Exactly reproduce the lines from the line bearing "Glossyness Professional LCD Flat Iron" through the end of the listing, inclusive of both; pictures are to be omitted.

Dataset content:
+ + + +

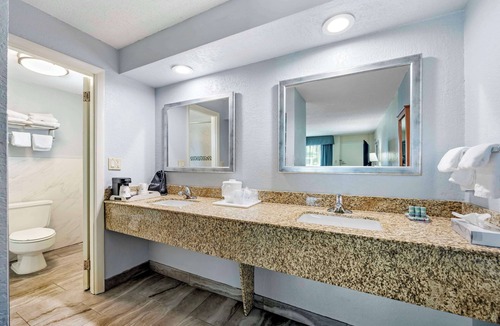 Cookeville Hotel | Best Western Thunderbird Motel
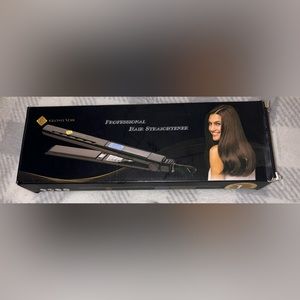 Glossyness Professional LCD Flat Iron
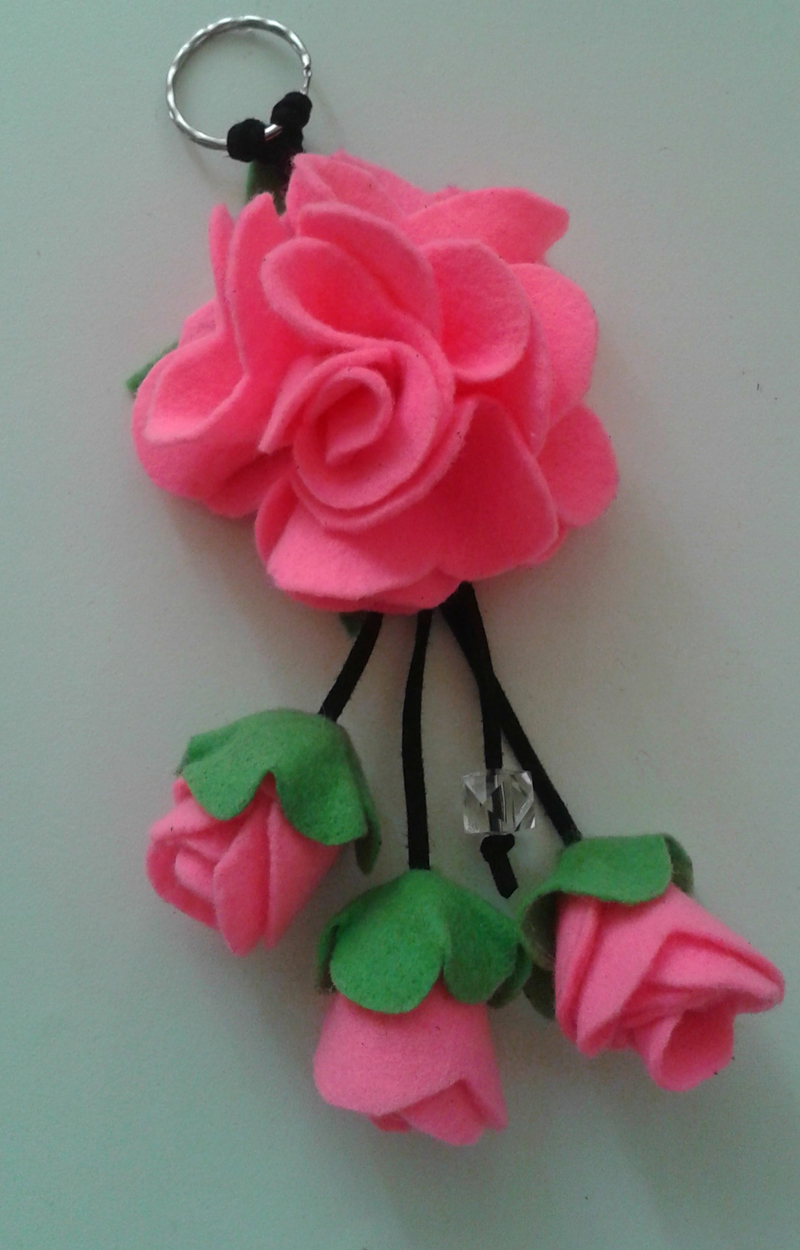 Artesanato para Dia dos Namorados em Feltro Artesanato Passo a Passo! Aparador Branco Laqueado ~ Artesanato para Dia dos Namorados em Feltro Artesanato Passo a Passo!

+ + + +

Your solution:
 Glossyness Professional LCD Flat Iron
 Artesanato para Dia dos Namorados em Feltro Artesanato Passo a Passo! Aparador Branco Laqueado ~ Artesanato para Dia dos Namorados em Feltro Artesanato Passo a Passo!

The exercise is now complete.